WORK INSTRUCTION: Repeat every entry exactly as it stands. Omit the images.

+++ RAW DATA +++

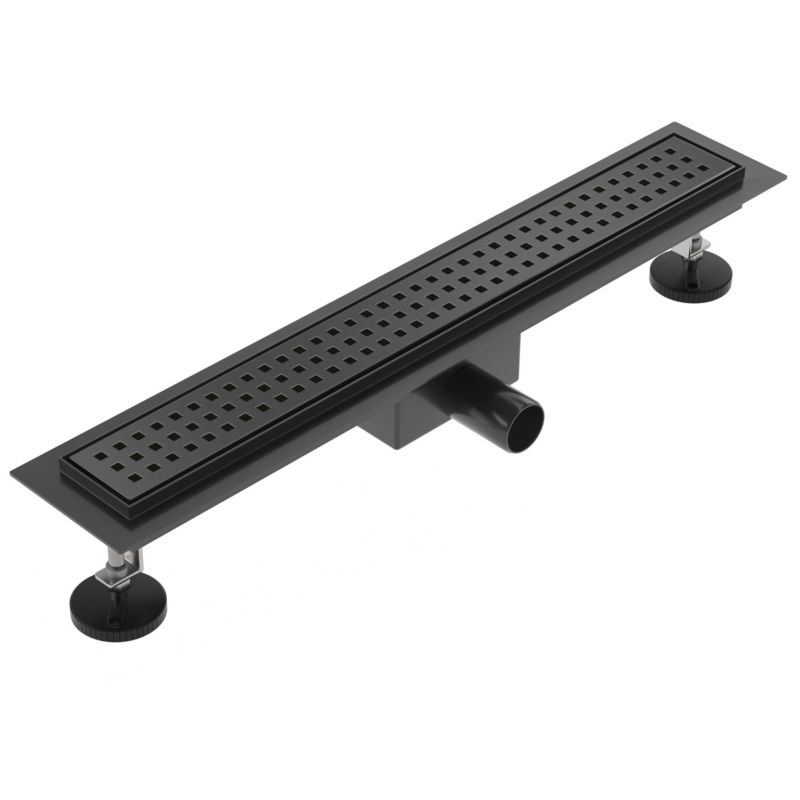 Odpływ liniowy SEVANTE z maskownicą WK064 120 cm czarny FLAT 1szt.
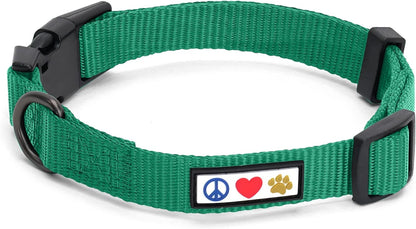 Pawtitas Dog Collar for Large Dogs Adjustable Dog Collar Heavy Duty Waterproof Collars for Dogs with Quick-Release Buckle - Lush Green Dog Collar for Large Breeds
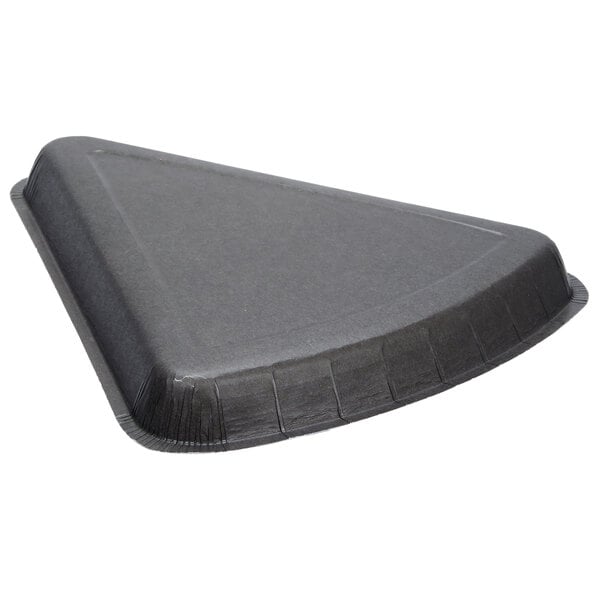 A black Solut tray with triangle-shaped sections.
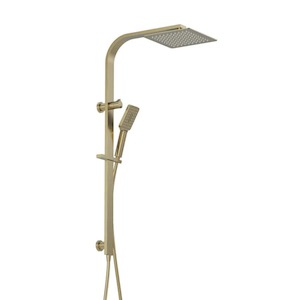 Como Square Shower Column | Brushed Brass
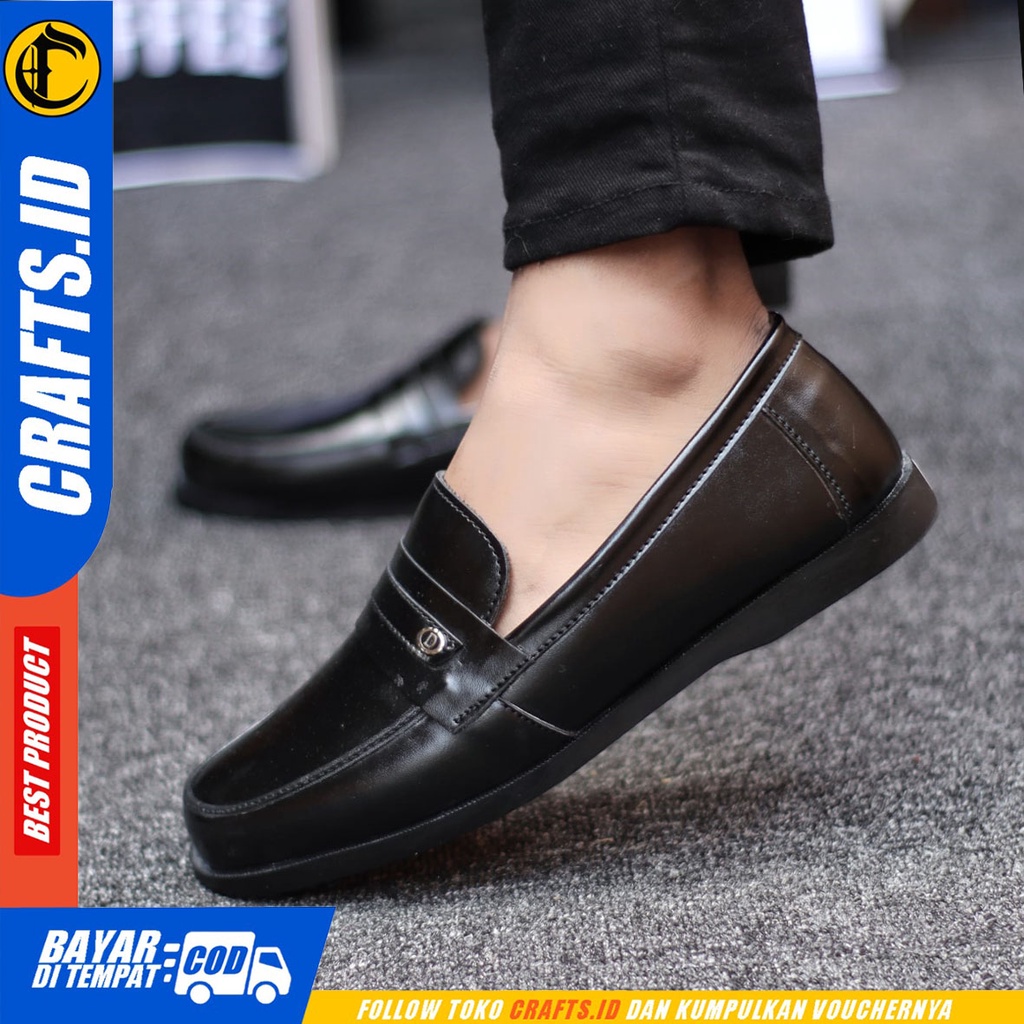 CRAFTS Shendo - Sepatu Formal Pria Pantofel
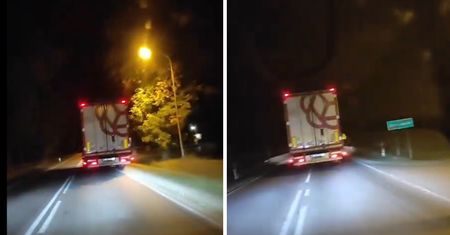 Jechał całą szerokością jezdni. Szybko okazało się dlaczego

+++

YOUR SOLUTION:
 Odpływ liniowy SEVANTE z maskownicą WK064 120 cm czarny FLAT 1szt.
 Pawtitas Dog Collar for Large Dogs Adjustable Dog Collar Heavy Duty Waterproof Collars for Dogs with Quick-Release Buckle - Lush Green Dog Collar for Large Breeds
 A black Solut tray with triangle-shaped sections.
 Como Square Shower Column | Brushed Brass
 CRAFTS Shendo - Sepatu Formal Pria Pantofel
 Jechał całą szerokością jezdni. Szybko okazało się dlaczego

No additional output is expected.